A conquest for fun-loving Impys
If you're yearning for a vacation romp in sunny Roma but find yourself a little short this month, the Impossible Players have a deal for you.
The Impys opened their season last night with "Roman Conquest," a fun and silly trifle set within hailing distance of St. Peter's dome in the Eternal City. A vivacious, middling-size crowd enjoyed a brisk two-hour romp with a solid troupe of performers — a nice mixture of vets and newbies.
The cast actually was better than the script by John Patrick that they were performing.
Patrick didn't give his characters very interesting things to do or very compelling reasons to do them, but the cast's energy and personality made up for those deficiencies and kept the crowd laughing and happy.
Supposedly set in "The Present," the story had many hallmarks of its origins in the early ’70s. Repeated references to Joan Crawford (Who?) led the anachronisms. But who cares what year it is when the point of the play is to showcase a gaggle of quirky characters — and varyingly successful Italian accents?
The story centers on "Hank" (Kristen Stewart), the 10th-richest young woman in the world who is slumming in Italy with her best friend "Sue" (Molly McGuire). It seems Hank wants to be an incognito artist. Sue just wants to avoid the Vatican pigeons nesting in her bedroom.

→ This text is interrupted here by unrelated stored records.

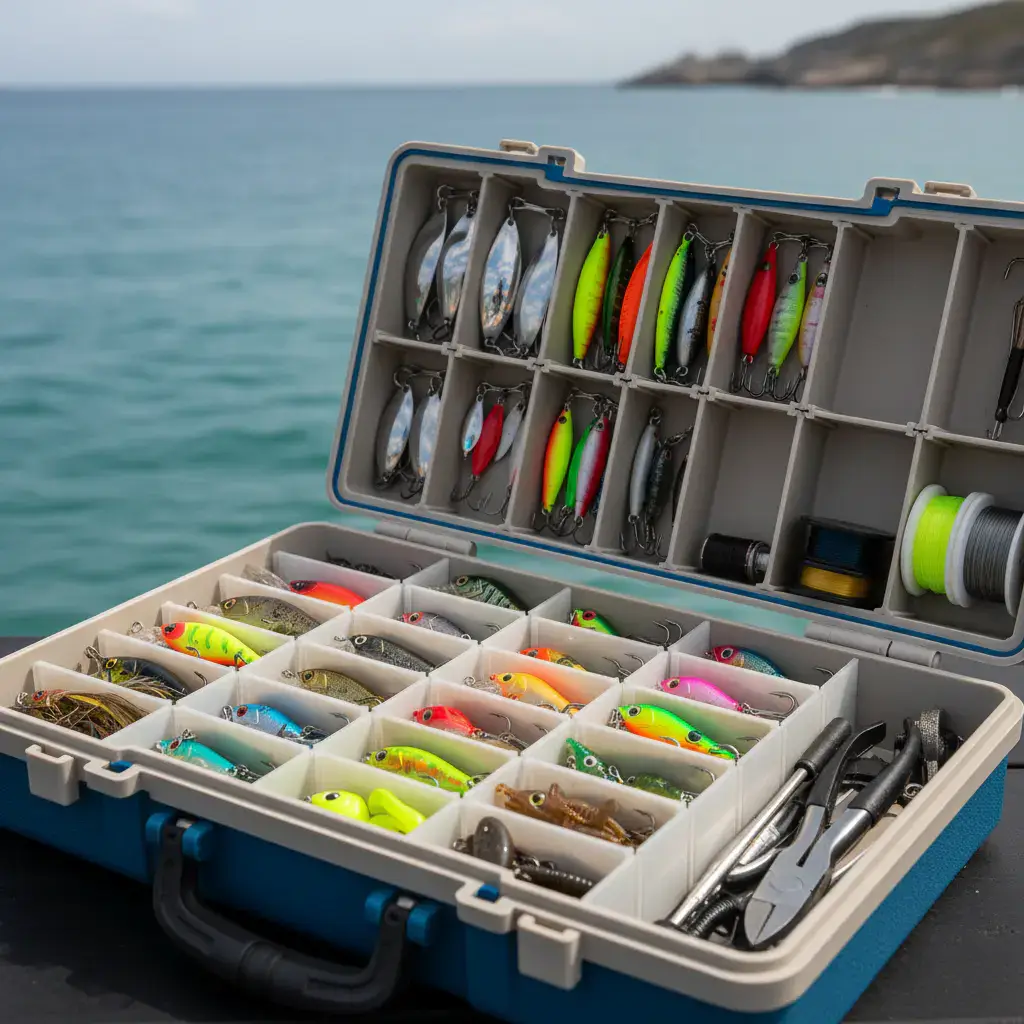 Equipamento de pesca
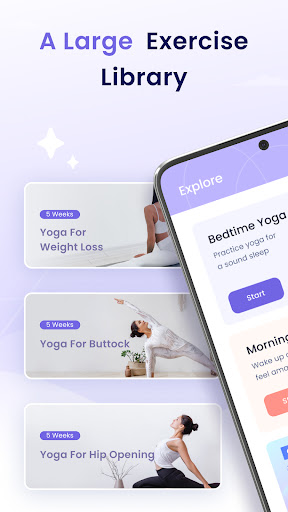 YoMaster - Yoga For Beginners Screenshot 1 - AppWisp.com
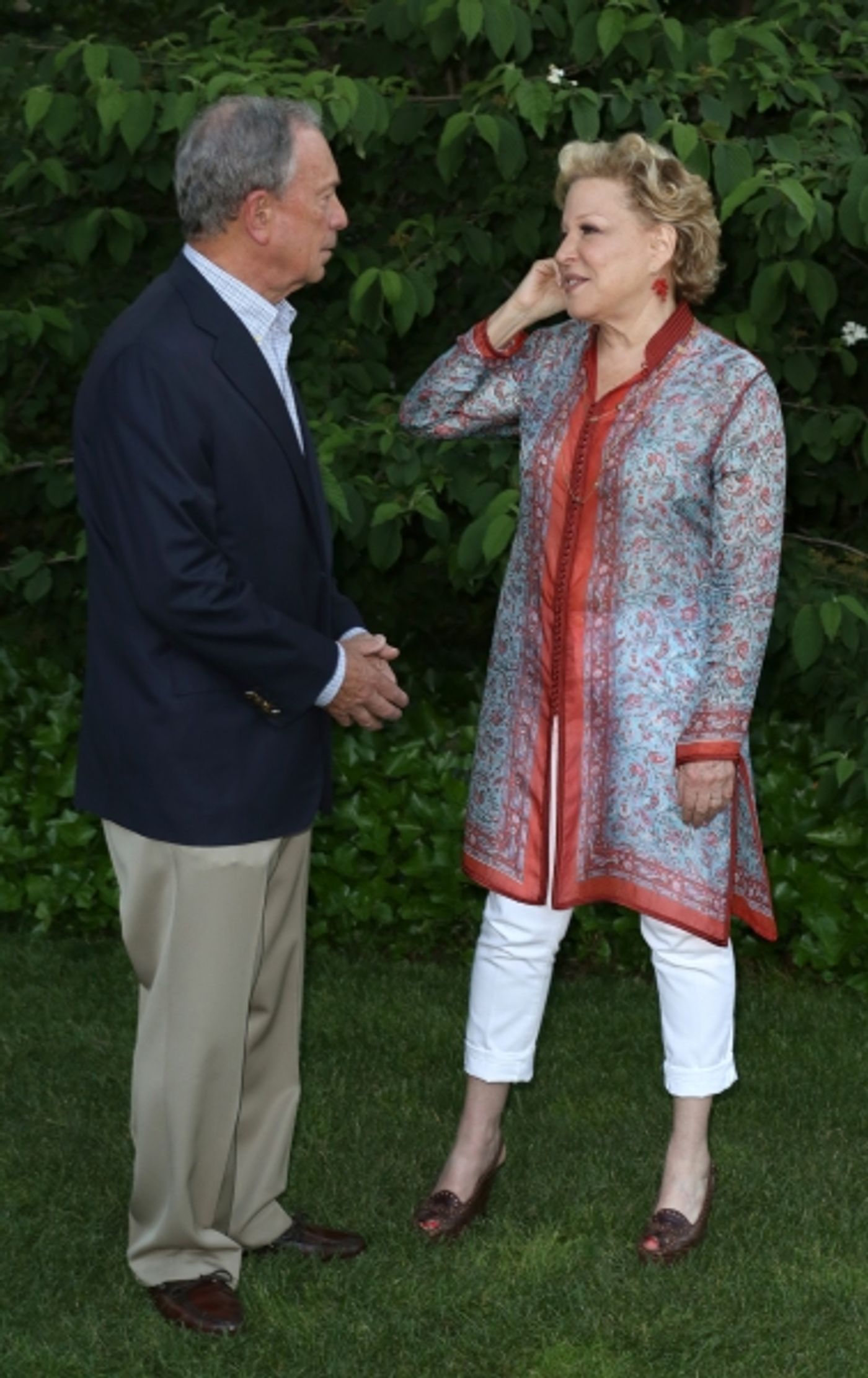 Photo Coverage: Bette Midler Celebrates 18 Years at NYRP's Spring Picnic! Image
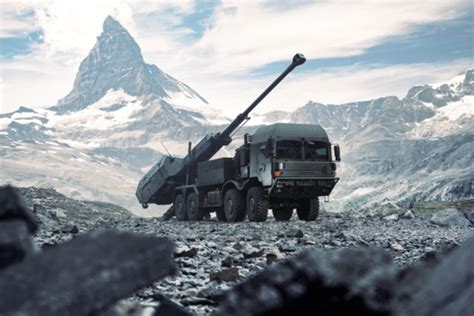 BAE Systems ARCHER 155mm Mobile Howitzer Shortlisted By Swiss Armed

They quickly run into all manner of exuberant locals: "Tony" (Marvin Hays), an irrepressible young man who wants to get to America and is willing to be the girls' "dog" in order to achieve his goal; "Georgio" (David Browder), a dreamy-eyed fellow painter wannabe with a hankering for Hank; and rental agent "Pellucci" (Ken Thompson), who punctuates many of his entrances with a forlorn "we have a problem."
Add Tony's Uncle Vito (James Asbury) and a bickering Principe and Principessa (Mark Duvall and Lara Craddock), then top things off with an 85-year-old Naked Old Man (Randall Martella), and there were plenty of opportunities for silly smiles.
Impy regular Hays led the menagerie. Though maybe a decade (or so) older than his "young man" character, he willingly exhibited the reckless abandon of early adulthood, especially during his extended modeling turn wearing nothing but jockey shorts, a large Atlas-style globe, and a devil-may-care smile.
Newcomer Stewart held her own with a pleasant grace that made her easy to watch and enjoyable to cheer for.
Impy stalwart Ken Thompson gave one of his better performances as the morally malleable schemer who's always looking to lease his seventh-floor walk-up to just one more tenant.
The happy ending was pretty darn arbitrary, but sophistication was not what this show was all about. The audience — and cast — had a good time, nobody got hurt, and all got a chance to frolic for a while in the home of the Caesars and the occasional friendly rump-pinch.
Not a bad evening's entertainment, all in all.
"Roman Conquest" continues at 7:30 tonight; 2 p.m. Sunday; and 7:30 p.m. March 18, 19, 25 and 26.